**Data records:**
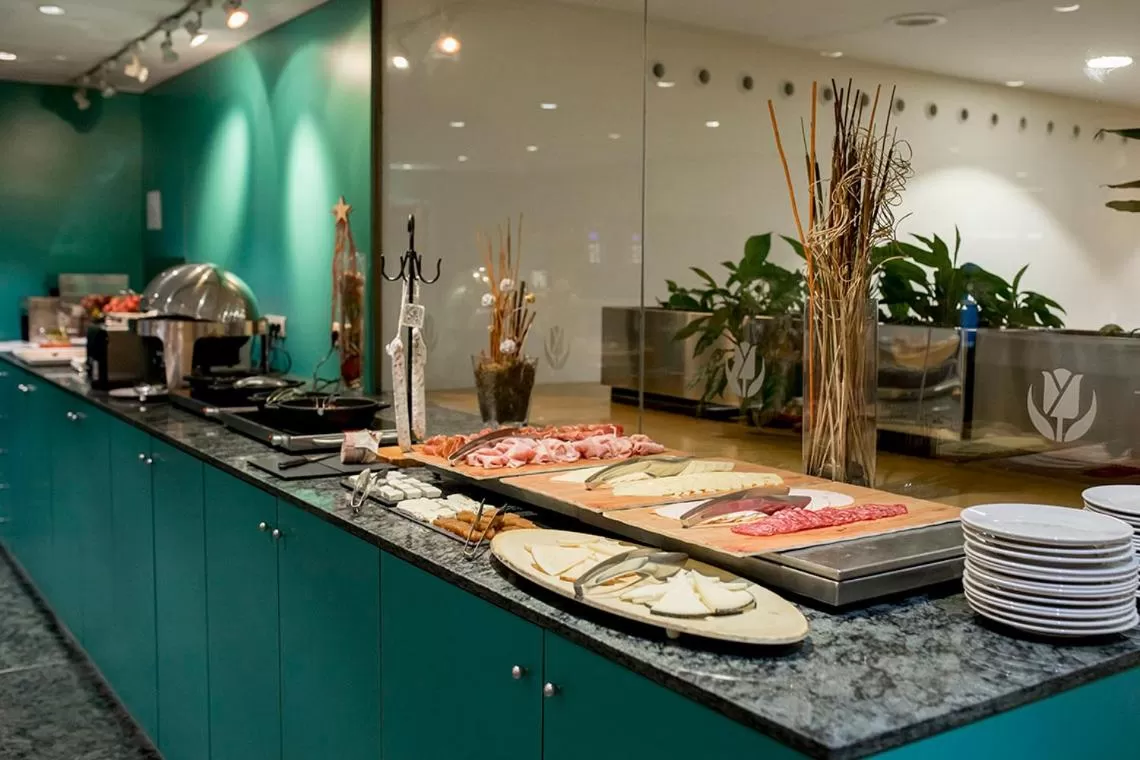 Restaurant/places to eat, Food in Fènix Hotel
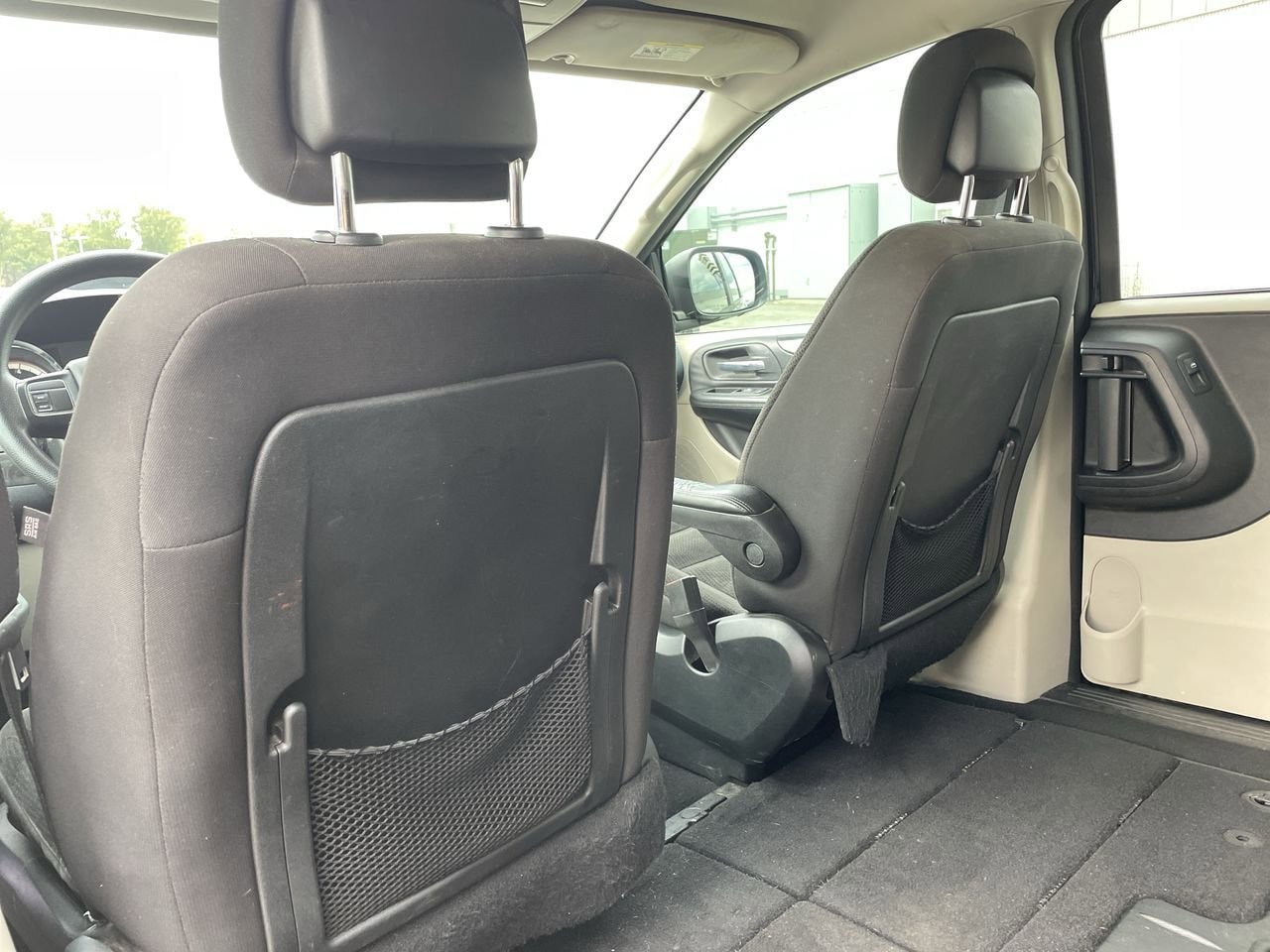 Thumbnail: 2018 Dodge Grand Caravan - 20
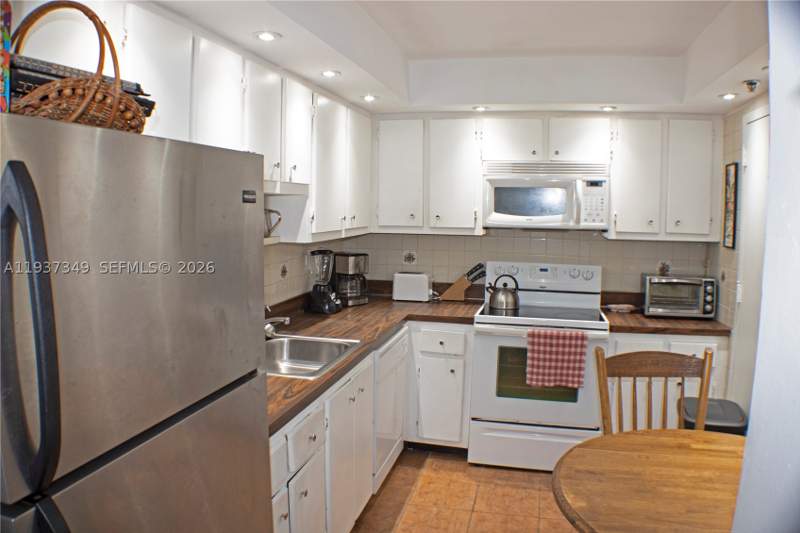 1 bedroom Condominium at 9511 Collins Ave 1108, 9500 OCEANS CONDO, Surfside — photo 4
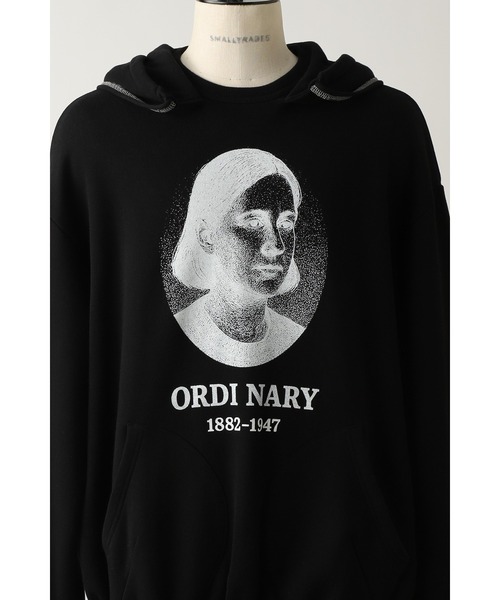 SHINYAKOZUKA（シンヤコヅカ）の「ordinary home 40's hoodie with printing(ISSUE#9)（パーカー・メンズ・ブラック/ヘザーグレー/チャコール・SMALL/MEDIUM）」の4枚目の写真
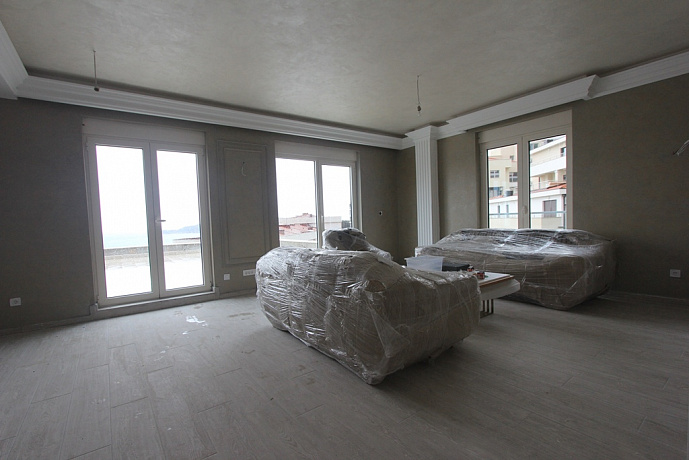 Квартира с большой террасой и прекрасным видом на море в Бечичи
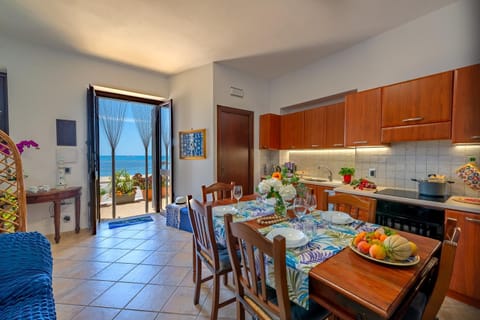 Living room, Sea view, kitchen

--

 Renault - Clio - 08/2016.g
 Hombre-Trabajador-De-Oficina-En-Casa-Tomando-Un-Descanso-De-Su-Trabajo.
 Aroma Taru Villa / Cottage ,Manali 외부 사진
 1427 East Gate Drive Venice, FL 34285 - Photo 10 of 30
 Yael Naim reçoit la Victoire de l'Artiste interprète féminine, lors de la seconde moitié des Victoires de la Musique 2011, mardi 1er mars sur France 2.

...

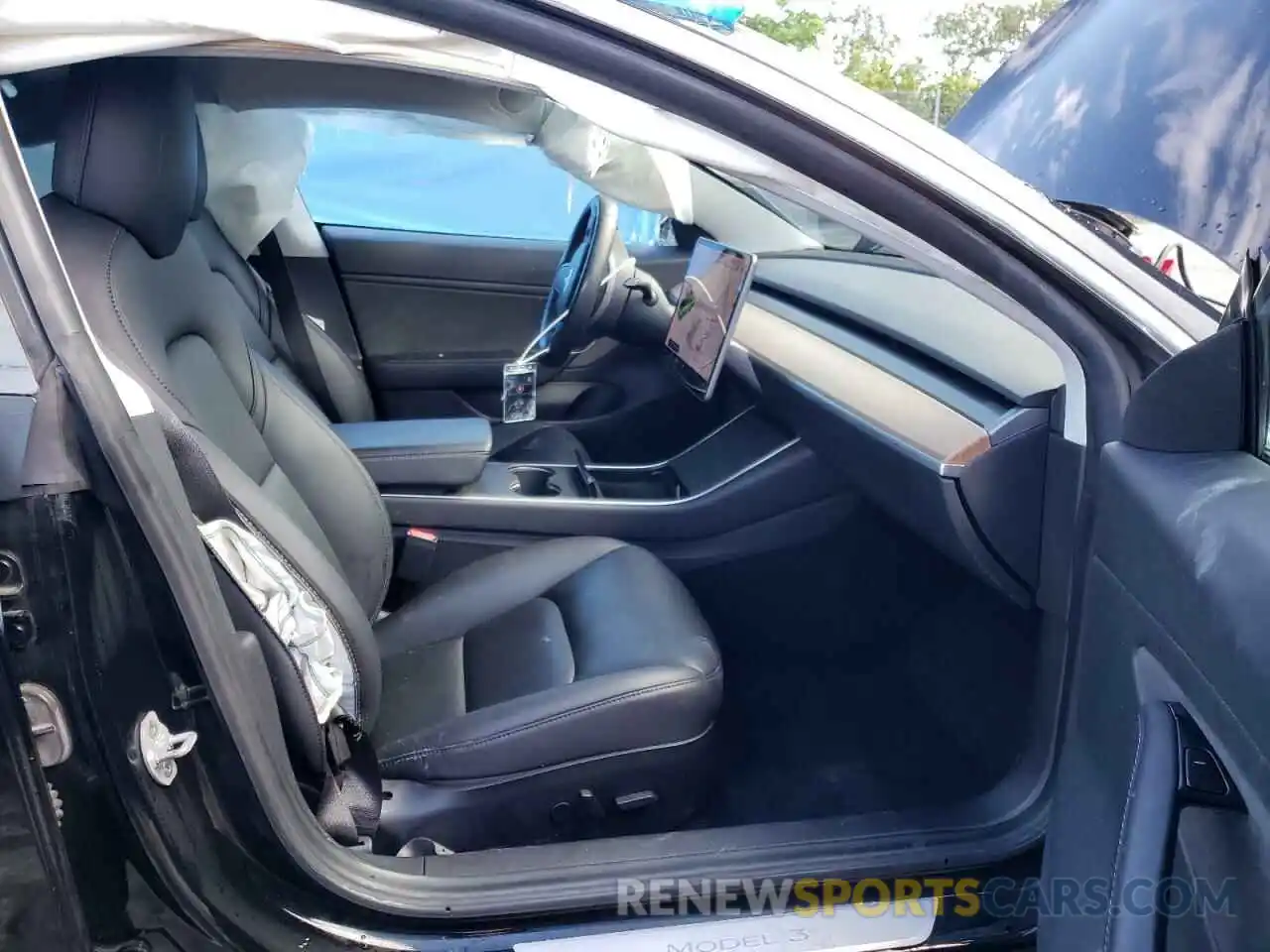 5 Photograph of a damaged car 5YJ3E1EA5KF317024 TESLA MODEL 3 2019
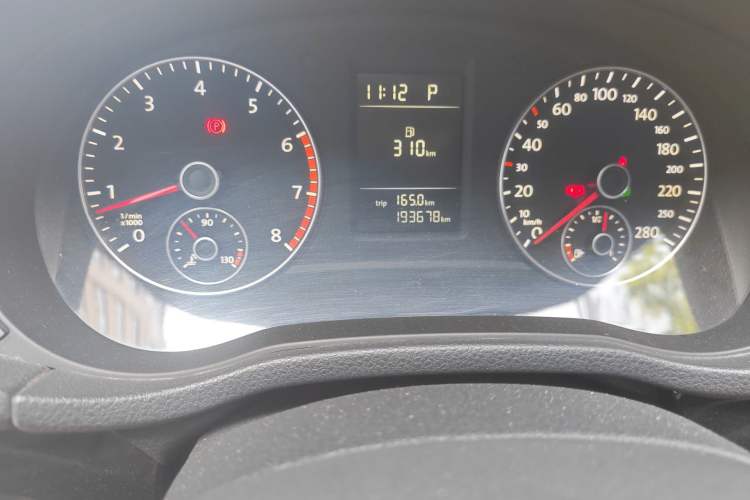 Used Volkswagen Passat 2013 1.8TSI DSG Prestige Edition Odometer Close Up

**Work instructions:** The lines to reproduce run from the one above containing "Квартира с большой" through the one containing "Living room, Sea view, kitchen". Copy them exactly and leave out all pictures.

**Solution to the problem:**
 Квартира с большой террасой и прекрасным видом на море в Бечичи
 Living room, Sea view, kitchen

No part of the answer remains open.